Mieten sind für viele Menschen in Neu Wulmstorf zu hoch
Trotz des Baubooms in Neu Wulmstorf seien die Mieten in den schicken neuen Wohnquartieren von Neu Wulmstorf für viele Menschen unerschwinglich, so Schneider. Dabei laute der politische Konsens angeblich, dass dringend bezahlbarer Wohnraum her müsse.
„Mittlerweile setze ich hinter diesen behaupteten Konsens ein Fragezeichen. Es ist bemerkenswert, wie das Thema bezahlbarer Wohnraum immer wieder aufs nächste oder gleich übernächste Bauprojekt beziehungsweise neu zu erschließende Quartier geschoben wird“, sagt der Pastor.
Der Kirchenvorstand der Lutherkirche möchte den diakonischen Fußabdruck
Zuletzt sei dies beim Baugebiet Kirchberg der Fall gewesen, also in direkter Nachbarschaft zur Lutherkirche. „Der Ratsbeschluss zur Erschließung war sehr respektabel. Bebauungsplan und Flächennutzungsplan zeugten vom politischen Willen, hier Themen wie bezahlbaren Wohnraum und Mietobergrenze aufzugreifen“, sagt Schneider. Genau das habe sich der Kirchenvorstand der Lutherkirchengemeinde gewünscht, als er vor geraumer Zeit den Begriff „diakonischer Fußabdruck“ in die Debatte eingetragen habe.
„Der Hintergedanke war, dass in unmittelbarer Nachbarschaft zur Lutherkirche auch die wohnen sollen und können, die über weniger finanzielle Ressourcen verfügen als andere. Aber ungeachtet dieser Beschlusslage startete im Anschluss das Verschieben des hehren Zieles.“
Auf der Fläche am Moorweg sollen 108 Wohneinheiten entstehen
Zuletzt habe Thomas Grambow, Vorsitzender des Bauausschusses, das anstehende Bauprojekt auf dem Kirchberg mit dem Hinweis auf das schwer zu bebauende Gelände und den dafür nötigen finanziellen Aufwand Ende Oktober in einem Abendblatt-Artikel in eher gegenteiliger Weise interpretiert. Grambow schloss für das Projekt bezahlbaren Wohnraum aus und kündigte an, den Bau von günstigen Wohnraum an anderer Stelle umsetzen zu wollen. Am Moorweg stünde zeitnah eine geeignete Fläche bereit.

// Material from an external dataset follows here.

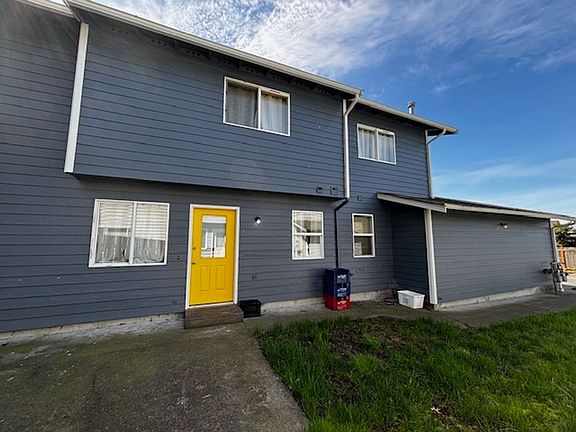 3rd image of 2215 Xenia Ln #0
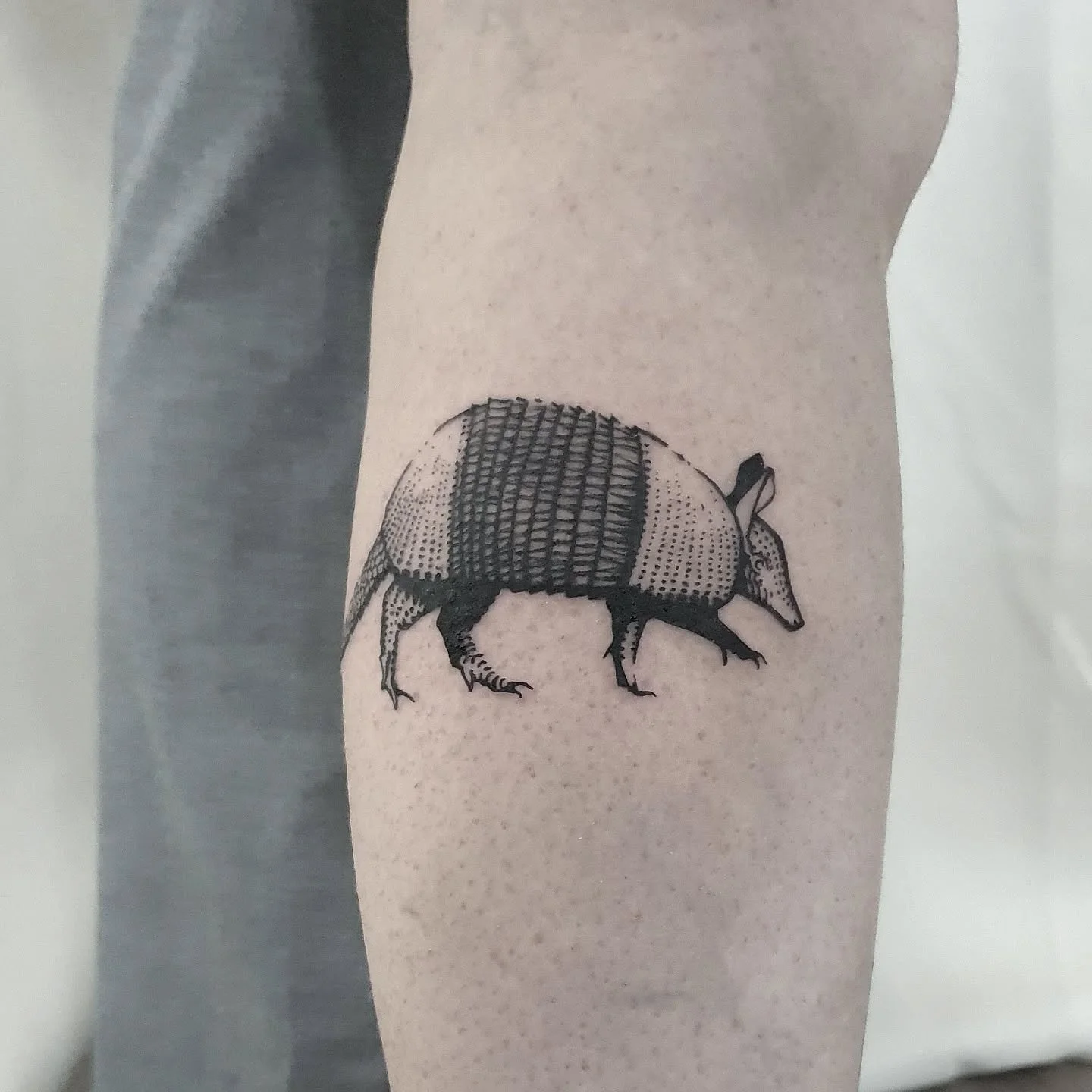 Merci Aline 💌

#tatouage #tatouages #tatouagesnoirblanc  #tattoo #tattoos #blacktattoo #blacktattoos #encre #ink #blackink #blackart #onlyblackart #blackwork #blackworkersubmission #encr&eacute;s #swisstattoo #lagribouilletattoo #geneva #geneve #gen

Schneider kritisiert diese „Aufschieberitis“: „Das klingt wieder erst einmal gut. Aber das Verschieben wird schon angekündigt, auch am Moorweg wird es höchstwahrscheinlich nichts mit bezahlbarem Wohnraum, wie mit Blick auf den Neu Wulmstorfer Haushalt und der Tatsache, dass das Gelände nicht der Gemeinde, sondern der Sparkasse Harburg-Buxtehude gehört, ja ebenfalls bereits angekündigt wurde.“ Tatsächlich sollen auf der Fläche am Moorweg 108 Wohneinheiten entstehen, davon etwa die Hälfte als geförderter Wohnraum, so der ursprüngliche Plan.
„In Neu Wulmstorf ist die Geschichte von Maria und Josef leider aktuell“
Das Verschiebespiel gehe laut Pastor Schneider zu Lasten derer, die auf bezahlbaren Wohnraum angewiesen seien, munter weiter: „Die Fläche der ehemaligen Hauptschule, das Freibad-Gelände, die Fläche der Grundschule Am Moor und weitere werden genannt. Da könnte überall irgendwann – gewiss aber nicht zeitnah – bezahlbarer Wohnraum entstehen oder eben einmal mehr nicht.
„Mich beschleicht von den bisherigen Erfahrungen her das Gefühl, dass es auch dort nichts werden wird“, befürchtet der Pastor. „Das Verschieben scheint mir Methode zu sein. Einen in dieser Frage wirkmächtigen politischen Konsens und Willen kann ich nicht wahrnehmen.“ Vielmehr müsse er feststellen, dass das dringliche Thema weiter und weiter vertagt werde und das in Zeiten, in denen infolge der Energiekrise die Lage auf dem Wohnungsmarkt noch einmal kritischer geworden sei.
Was fortwährend geschoben wird, wolle man nicht wirklich: „Sie hatten keinen Raum, heißt es in der Weihnachtsgeschichte über die mittellosen Maria und Josef. In Neu Wulmstorf ist dieser Satz zu Weihnachten 2022 leider sehr aktuell“, so Schneider.